# let a be a solution of x^2\equiv 1 (mod m). Show that m-a is also a solution.

#### dwsmith

MHF Hall of Honor
let $$\displaystyle a$$ be a solution of $$\displaystyle x^2\equiv 1 \ \mbox{(mod m)}$$. Show that $$\displaystyle m-a$$ is also a solution.

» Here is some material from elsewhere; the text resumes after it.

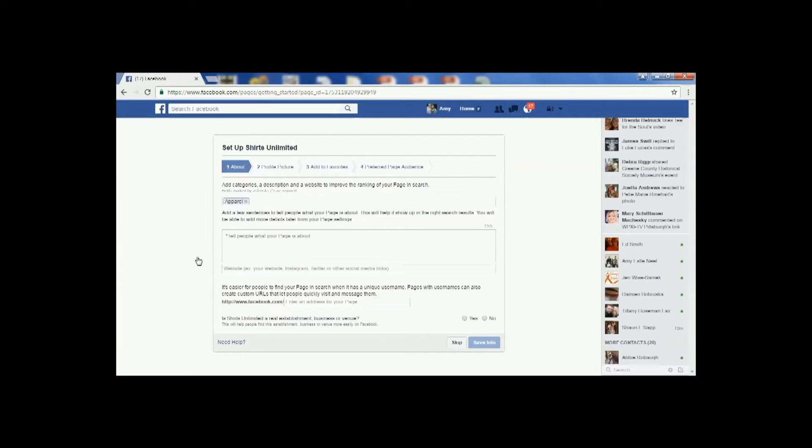On this page, you're going to be able to do a few things. First, you can add categories or a description — you can write a few sentences to tell people what your page is about. You can also add your web address. Once you fill in this information, you would hit 'Save Information.'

$$\displaystyle a^2\equiv 1 \ \mbox{(mod m)}$$

$$\displaystyle (m-a)^2\equiv 1 \ \mbox{(mod m)}\rightarrow m^2-2am+a^2\equiv 1 \ \mbox{(mod m)}\rightarrow m^2-2am+1\equiv 1 \ \mbox{(mod m)}$$

$$\displaystyle \rightarrow m-2a\equiv 0 \ \mbox{(mod 1)}$$

Not sure if this is going anywhere.

#### undefined

MHF Hall of Honor
let $$\displaystyle a$$ be a solution of $$\displaystyle x^2\equiv 1 \ \mbox{(mod m)}$$. Show that $$\displaystyle m-a$$ is also a solution.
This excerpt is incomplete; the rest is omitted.